■ Your instructions
Go to the line below that has "Sale-A-Bration 2021 A Touch of Ink stamp set", print it and each line after it exactly, and stop after the line that has "Promark Hickory 747"; leave out pictures.

■ Input for this task
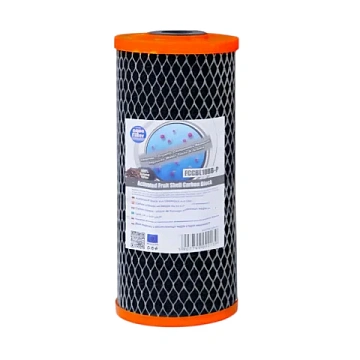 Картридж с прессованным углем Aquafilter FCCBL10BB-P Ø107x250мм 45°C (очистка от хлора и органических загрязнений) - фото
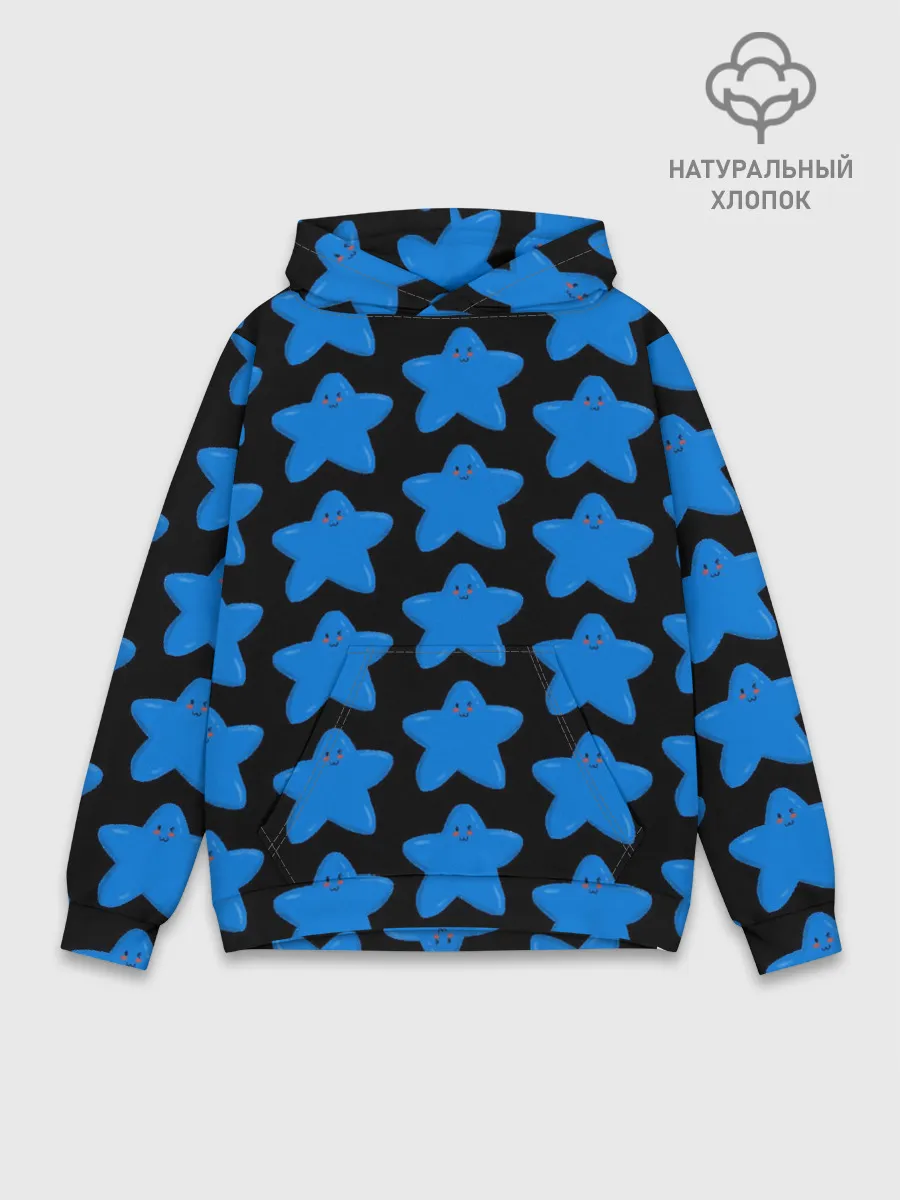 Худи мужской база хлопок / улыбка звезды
---
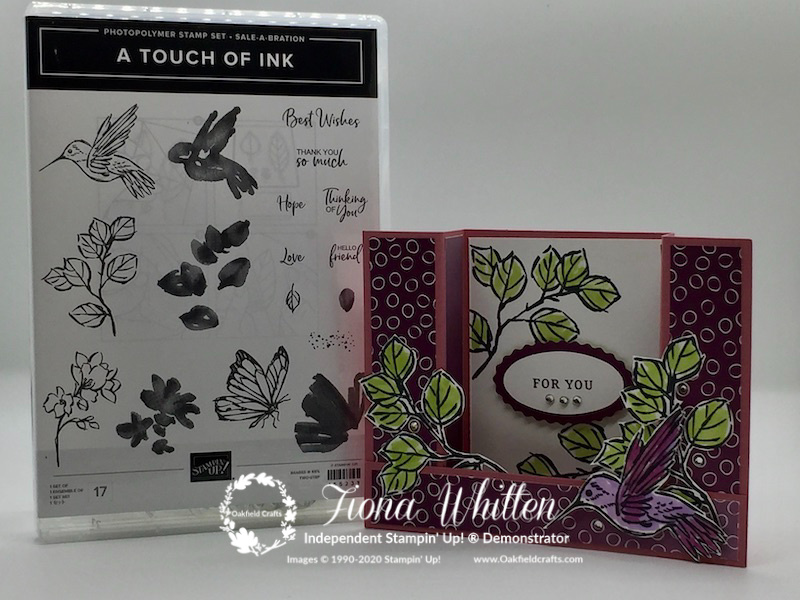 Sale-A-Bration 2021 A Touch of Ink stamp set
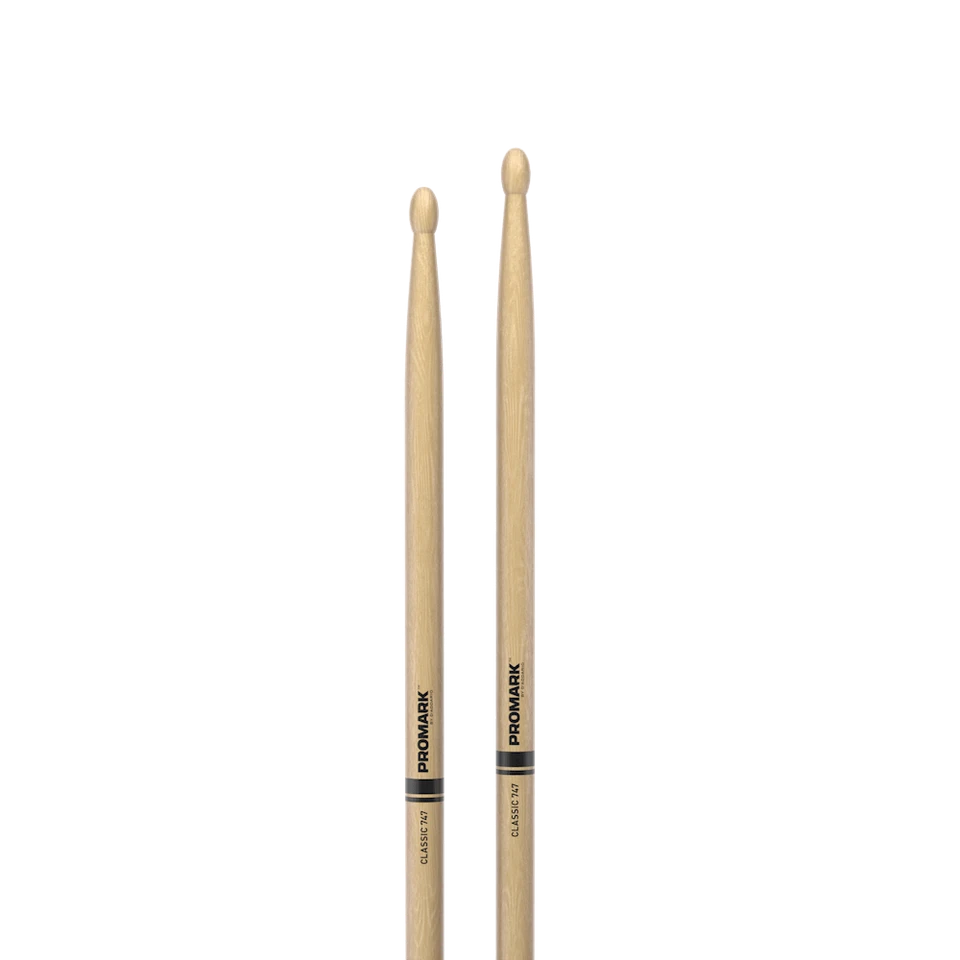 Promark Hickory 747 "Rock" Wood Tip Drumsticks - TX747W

■ Task answer
 Sale-A-Bration 2021 A Touch of Ink stamp set
 Promark Hickory 747 "Rock" Wood Tip Drumsticks - TX747W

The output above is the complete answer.